What you have to do: Pictures excluded, copy all of the data below exactly.
_ _ _ _ _
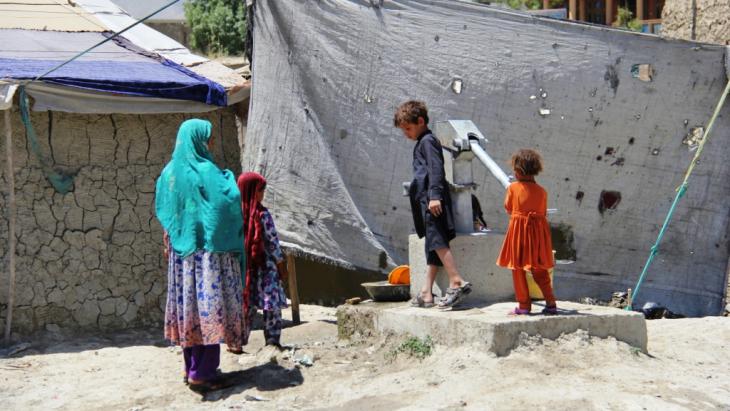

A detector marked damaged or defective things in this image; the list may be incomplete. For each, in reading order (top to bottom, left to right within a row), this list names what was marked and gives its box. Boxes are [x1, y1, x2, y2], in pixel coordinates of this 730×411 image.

cracked mud wall [0, 108, 243, 334]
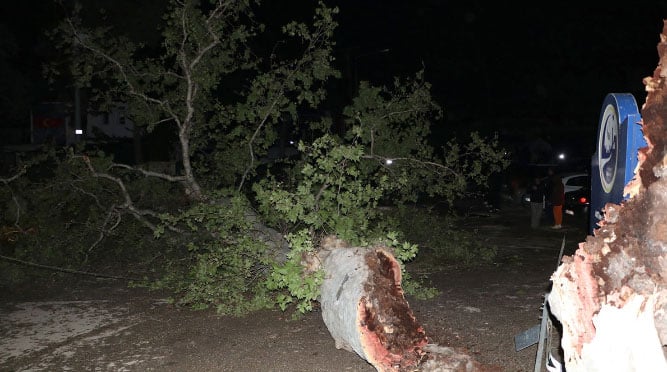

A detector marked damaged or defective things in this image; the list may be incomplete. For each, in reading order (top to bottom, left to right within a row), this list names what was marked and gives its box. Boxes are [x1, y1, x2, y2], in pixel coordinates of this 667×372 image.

splintered wood [552, 19, 667, 372]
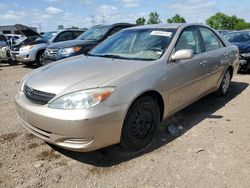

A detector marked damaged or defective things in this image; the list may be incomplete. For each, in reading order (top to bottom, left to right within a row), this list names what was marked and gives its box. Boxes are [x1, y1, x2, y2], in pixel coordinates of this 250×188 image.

damaged vehicle [15, 23, 238, 153]
damaged vehicle [229, 30, 250, 72]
_ _ _ _ _
Your solution:
A detector marked damaged or defective things in this image; the list may be incomplete. For each, in reading order (top to bottom, left to right within a row), this list names what was marked and gives its box. Boxes are [x1, y1, x2, y2], in pixel coordinates of this 730×411 image.

cracked mud wall [0, 108, 243, 334]

A detector marked damaged or defective things in this image; the list may be incomplete. For each, in reading order (top to bottom, left to right within a row), this list names what was marked and gives its box. Boxes are [x1, y1, x2, y2], in pixel coordinates of this 667×372 image.

splintered wood [552, 19, 667, 372]

A detector marked damaged or defective things in this image; the list may be incomplete. For each, in reading order (top to bottom, left to right within a row), this list names what was marked and gives its box. Boxes are [x1, y1, x2, y2], in pixel coordinates of this 250×188 image.

damaged vehicle [15, 23, 238, 153]
damaged vehicle [229, 30, 250, 72]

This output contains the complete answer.